En relisant certaines de mes notes et en parcourant les nombreux récits de voyage que l’on trouve sur le net je ne peux m’empêcher de penser à ces mots cruels de Lévi-Strauss : « Eh quoi ? Faut-il narrer par le menu tant de détails insipides, d’évènements insignifiants ? […] cette scorie de la mémoire : « à 5h30 du matin, nous entrions en rade de Recife tandis que piaillaient les mouettes et qu’une flottille de marchands de fruits exotiques se pressaient le long de la coque », un si pauvre souvenir mérite-t-il que je lève la plume pour le fixer ? »
En 1955 il ne s’adressait non pas aux voyageurs que nous sommes mais aux reporters de l’époque.

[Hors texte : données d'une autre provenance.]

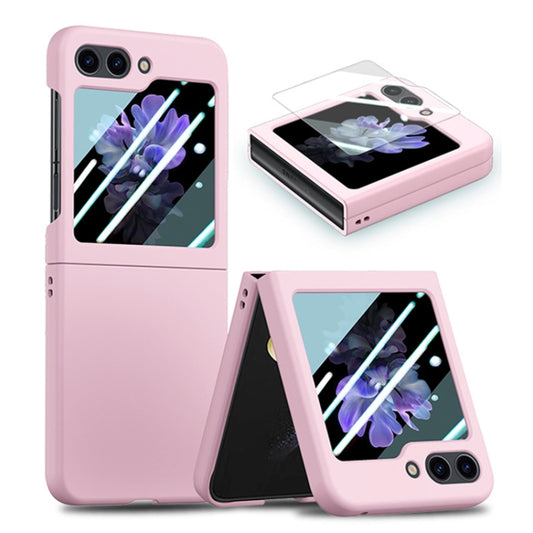 For Samsung Galaxy Z Flip6 / Flip7 FE JUNSUNMAY Smoothly PC + 9H Tempered Glass Protector Folding Phone Case(Pink) - Galaxy Z Flip6 5G Cases by JUNSUNMAY | Online Shopping UK | buy2fix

Plus loin » Pourtant, ce genre de récit rencontre une faveur qui reste pour moi inexplicable. L’Amazonie, le Tibet et l’Afrique envahissent les boutiques sous forme de livres de voyage, comptes rendus d’expédition et albums de photographies où le souci de l’effet domine trop pour que le lecteur puisse apprécier la valeur du témoignage qu’on apporte. Loin que son esprit critique s’éveille, il demande toujours davantage de cette pâture, il en engloutit des quantités prodigieuses. C’est un métier, maintenant, que d’être explorateur; métier qui consiste, non pas, comme on pourrait le croire, à découvrir au terme d’années studieuses des faits restés inconnus, mais à parcourir un nombre élevé de kilomètres et à rassembler des projections fixes ou animées, de préférence en couleurs, grâce à quoi on remplira une salle, plusieurs jours de suite, d’une foule d’auditeurs auxquels des platitudes et des banalités sembleront miraculeusement transmutées en révélations pour la seule raison qu’au lieu de les démarquer sur place, leur auteur les aura sanctifiées par un parcours de vingt mille kilomètres.«
Tout ça me fait dire qu’en voyage non seulement nous nous passionnons pour le passé, mais que nous voyageons aussi au passé, en gros comme le faisaient les explorateurs quelques décennies plus tôt lorsque le voyage était réservé à une élite. Le voyage serait à cette lumière que reproduction, imitation de l’exploration, d’une vaine découverte.
(*) Claude Levi-Strauss, Tristes tropiques, pp.13-14 . Extraits.